Received December 11, 1998
The longer the tail, the smarter the mouse,
And capable in all endeavors.
This rule is believed by every mouse.
Whether or not this is the truth, we won't discuss it now.
I. A. Krylov
"Mouse Council" (fable)
Everyone who teaches general biochemistry is certainly familiar with this question: what example should I choose to clearly illustrate the link between details of protein physical chemistry and a well-known physiological function? A number of such examples can easily be found in any biochemistry textbook. Some of these, such as the hormonal control of glycogen breakdown, the reversible denaturation of ribonuclease, or the sigmoid curve for hemoglobin saturation by oxygen are classic, and it is somewhat boring for the teacher to repeat these examples each year. The last example is concerned with the physiology of the supply of oxygen to cells, and it is usually discussed as a comparison between binding of oxygen by tetrameric hemoglobin and by monomeric myoglobin [1, 2]. It is generally accepted that the function of myoglobin is to facilitate the intracellular diffusion of oxygen to the consumers (mitochondria). Also, myoglobin is believed to be an oxygen "buffer" . Indeed, the myoglobin content in muscle tissues of animals which are often exposed to hypoxic conditions, such as aquatic diving mammals (whales and seals), is many times higher than that in tissues of terrestrial animals. "Usual" terrestrial habitants contain myoglobin only in cardiac myocytes and "red" skeletal muscles (that is why these muscles are red). Many people are certainly familiar with difference in color (and taste!) of "white" meat of chicken or hazel grouse (Tetrastes bonasia), who are typical "sprinters", and the dark meet of wild duck (Anas platyrhynchos) or black grouse (Lururus tetrix), who are typical "stayers".
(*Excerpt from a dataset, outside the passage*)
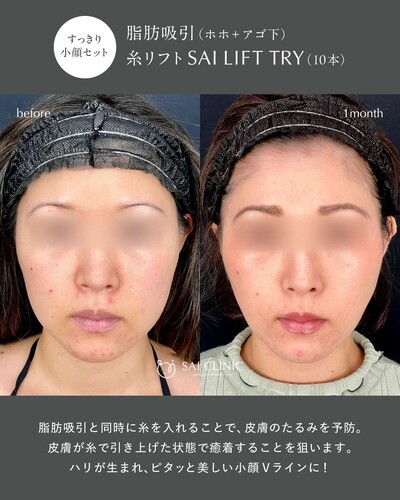 【30代】サクションリフト（脂肪吸引＋糸リフト）の症例写真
In the October issue of Nature, a paper by two American research groups (from the University of Texas Southwestern Medical Center, Dallas, and from the University of Cincinnati, Ohio) appeared  which is certainly sensational for biochemists. The authors succeeded in knocking out the myoglobin expressing gene in mice. No myoglobin was detected by polyclonal antibodies in ventricular myocytes or in skeletal myofibrils of knocked-out animals. The whitening of the heart and skeletal muscle was also evident visually. What happened to the behavior of the mice? The answer is very simple--nothing! More precisely, nothing that could be detected by the standard physiological tests. Newborn control (myoglobin+,+) mice, heterozygous (myoglobin+,-) mice, and homozygous (myoglobin-,-) mice gained weight at the same rate and reached sexual maturity at the same age. The three groups were fertile in mating and showed no obvious phenotypic abnormalities during their usual activities. Moreover, the three groups were indistinguishable when subjected to a hard exercise protocol. Ventilatory rate and heart stroke work were the same. When challenged by exposure to hypoxia (13.5% oxygen, which is equivalent to an altitude of 3700 m), myoglobin-lacking mice survived and exhibited ventilatory responses during and after exposure that were comparable to those of normal animals. The muscles from myoglobin-lacking mice did not exhibit changes in histological appearance.
Do these results mean that myoglobin (a classic textbook example) is not needed for the normal life of mice? I must be fair--the authors interpret their findings with great caution. First, they are aware that more detailed studies might reveal abnormalities that were not detected by the standard physiological tests. (Could it be that mice lacking myoglobin cannot dream in color?) The question then arises: what worth are the standard physiological tests? Another possibility is that myoglobin is needed, but not for what are considered to be "textbook" facts. What might that unknown function be? It seems very unlikely that myoglobin has been conserved during evolutionary pressure while having no particular function.
In my opinion, this paper is a perfect example of studies which formally fall into the category of "negative results". However, this negative result seem much more significant than many studies with a "positive" findings because it clearly demands reevaluation of a dogma. But what is a stronger drive for progress in science than the continuous reevaluation of dogmas?
Biochemistry teachers, let us take great precaution when classic examples are presented!
1. Voet, D., and Voet, J. G. (1990)
Biochemistry, John Wiley, N. Y.
2. Lehninger, A. L., Nelson, D. L., and Cox, M. M. (1993) Principles of Biochemistry, 2nd ed., Worth Publishers, N. Y.
3. Oxford Dictionary of Biochemistry and Molecular Biology (1997), Oxford University Press, Oxford, N. Y.
4. Garry, D. J., Ordway, G. A., Lorenz, J. N., Radford, N. B., Chin, E. R., Gange, R. W., Bassel-Duby, R., and Williams, R. S. (1998) Nature, 395, 905-908.